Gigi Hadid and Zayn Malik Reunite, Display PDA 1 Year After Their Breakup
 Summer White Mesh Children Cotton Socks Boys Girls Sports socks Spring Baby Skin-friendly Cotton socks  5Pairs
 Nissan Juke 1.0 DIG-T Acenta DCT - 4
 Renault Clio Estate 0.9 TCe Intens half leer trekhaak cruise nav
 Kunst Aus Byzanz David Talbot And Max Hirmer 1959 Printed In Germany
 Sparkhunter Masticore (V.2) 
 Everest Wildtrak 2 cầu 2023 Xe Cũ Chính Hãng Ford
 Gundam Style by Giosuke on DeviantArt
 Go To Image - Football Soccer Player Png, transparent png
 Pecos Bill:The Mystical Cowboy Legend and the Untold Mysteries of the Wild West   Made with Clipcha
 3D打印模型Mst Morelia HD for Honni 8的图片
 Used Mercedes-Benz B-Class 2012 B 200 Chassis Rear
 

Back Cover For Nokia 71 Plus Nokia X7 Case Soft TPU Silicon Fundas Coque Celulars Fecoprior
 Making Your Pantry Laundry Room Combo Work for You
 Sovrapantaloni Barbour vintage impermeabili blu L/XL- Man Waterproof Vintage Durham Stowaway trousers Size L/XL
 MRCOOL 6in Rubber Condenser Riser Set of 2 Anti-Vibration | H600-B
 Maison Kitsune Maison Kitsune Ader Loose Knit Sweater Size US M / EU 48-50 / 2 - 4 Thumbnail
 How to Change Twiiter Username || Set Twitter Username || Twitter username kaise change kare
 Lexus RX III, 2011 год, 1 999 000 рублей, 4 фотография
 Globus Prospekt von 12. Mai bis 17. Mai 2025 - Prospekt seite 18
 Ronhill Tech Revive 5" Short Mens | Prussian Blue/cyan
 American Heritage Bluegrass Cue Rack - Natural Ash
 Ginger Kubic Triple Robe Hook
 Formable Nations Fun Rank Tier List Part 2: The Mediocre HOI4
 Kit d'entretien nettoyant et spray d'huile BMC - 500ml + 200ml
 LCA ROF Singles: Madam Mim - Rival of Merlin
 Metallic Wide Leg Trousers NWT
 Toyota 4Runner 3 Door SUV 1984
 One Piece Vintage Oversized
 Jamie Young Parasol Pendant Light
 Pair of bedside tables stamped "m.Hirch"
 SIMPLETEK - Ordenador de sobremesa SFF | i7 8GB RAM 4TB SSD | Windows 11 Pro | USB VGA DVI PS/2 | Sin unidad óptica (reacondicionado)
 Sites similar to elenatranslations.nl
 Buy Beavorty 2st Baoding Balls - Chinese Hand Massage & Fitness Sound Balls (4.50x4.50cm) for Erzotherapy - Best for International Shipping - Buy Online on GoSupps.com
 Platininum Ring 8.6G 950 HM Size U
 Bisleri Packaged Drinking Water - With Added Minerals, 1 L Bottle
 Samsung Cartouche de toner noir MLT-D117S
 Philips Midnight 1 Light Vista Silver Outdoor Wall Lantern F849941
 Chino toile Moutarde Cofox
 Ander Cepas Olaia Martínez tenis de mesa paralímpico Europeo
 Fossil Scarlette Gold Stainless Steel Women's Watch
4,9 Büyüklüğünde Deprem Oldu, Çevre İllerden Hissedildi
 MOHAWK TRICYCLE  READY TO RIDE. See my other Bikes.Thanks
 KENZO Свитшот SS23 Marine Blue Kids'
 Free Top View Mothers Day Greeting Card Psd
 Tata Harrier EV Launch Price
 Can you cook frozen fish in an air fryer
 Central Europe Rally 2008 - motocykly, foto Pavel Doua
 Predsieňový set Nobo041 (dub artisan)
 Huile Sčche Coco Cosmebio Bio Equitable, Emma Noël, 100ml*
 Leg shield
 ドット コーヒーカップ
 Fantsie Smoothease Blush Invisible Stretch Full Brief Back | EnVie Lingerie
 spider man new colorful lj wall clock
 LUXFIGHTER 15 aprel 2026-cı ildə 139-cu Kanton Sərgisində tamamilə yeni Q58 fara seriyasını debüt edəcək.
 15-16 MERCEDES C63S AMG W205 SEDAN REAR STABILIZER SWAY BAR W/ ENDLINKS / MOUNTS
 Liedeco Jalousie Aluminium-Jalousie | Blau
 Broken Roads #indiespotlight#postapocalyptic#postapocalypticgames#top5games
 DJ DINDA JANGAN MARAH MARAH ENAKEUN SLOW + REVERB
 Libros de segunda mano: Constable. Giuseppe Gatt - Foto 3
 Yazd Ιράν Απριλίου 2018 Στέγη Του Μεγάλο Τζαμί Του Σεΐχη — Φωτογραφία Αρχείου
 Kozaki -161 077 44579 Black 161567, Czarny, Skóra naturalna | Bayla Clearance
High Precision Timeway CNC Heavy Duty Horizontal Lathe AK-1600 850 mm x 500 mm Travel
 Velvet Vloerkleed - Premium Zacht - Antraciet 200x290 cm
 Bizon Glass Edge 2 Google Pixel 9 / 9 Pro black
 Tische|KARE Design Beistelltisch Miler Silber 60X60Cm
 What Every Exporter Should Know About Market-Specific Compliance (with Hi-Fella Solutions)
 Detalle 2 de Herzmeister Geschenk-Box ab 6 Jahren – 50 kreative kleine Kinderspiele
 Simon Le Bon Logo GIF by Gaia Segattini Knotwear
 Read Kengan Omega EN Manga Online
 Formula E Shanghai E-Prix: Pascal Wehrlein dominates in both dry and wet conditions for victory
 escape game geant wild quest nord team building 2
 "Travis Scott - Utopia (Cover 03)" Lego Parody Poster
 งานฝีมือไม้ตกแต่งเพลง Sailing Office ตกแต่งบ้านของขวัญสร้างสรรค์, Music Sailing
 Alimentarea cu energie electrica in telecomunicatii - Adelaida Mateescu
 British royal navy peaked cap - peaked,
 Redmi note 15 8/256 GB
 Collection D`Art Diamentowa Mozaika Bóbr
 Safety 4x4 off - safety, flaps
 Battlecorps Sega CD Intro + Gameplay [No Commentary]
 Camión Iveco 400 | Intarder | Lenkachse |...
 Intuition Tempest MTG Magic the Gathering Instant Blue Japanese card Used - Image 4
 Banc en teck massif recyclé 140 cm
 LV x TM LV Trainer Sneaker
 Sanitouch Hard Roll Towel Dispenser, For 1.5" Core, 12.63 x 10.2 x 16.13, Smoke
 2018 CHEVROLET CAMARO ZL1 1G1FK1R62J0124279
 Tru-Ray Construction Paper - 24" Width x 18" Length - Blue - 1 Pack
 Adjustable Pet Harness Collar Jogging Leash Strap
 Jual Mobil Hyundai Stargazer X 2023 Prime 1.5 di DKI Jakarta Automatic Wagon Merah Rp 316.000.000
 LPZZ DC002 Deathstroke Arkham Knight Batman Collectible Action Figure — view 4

PROBLEM TO WORK ON — Copy out every line from the data above in which the word "Back" occurs.

EXERCISE RESPONSE —
Back Cover For Nokia 71 Plus Nokia X7 Case Soft TPU Silicon Fundas Coque Celulars Fecoprior
 Fantsie Smoothease Blush Invisible Stretch Full Brief Back | EnVie Lingerie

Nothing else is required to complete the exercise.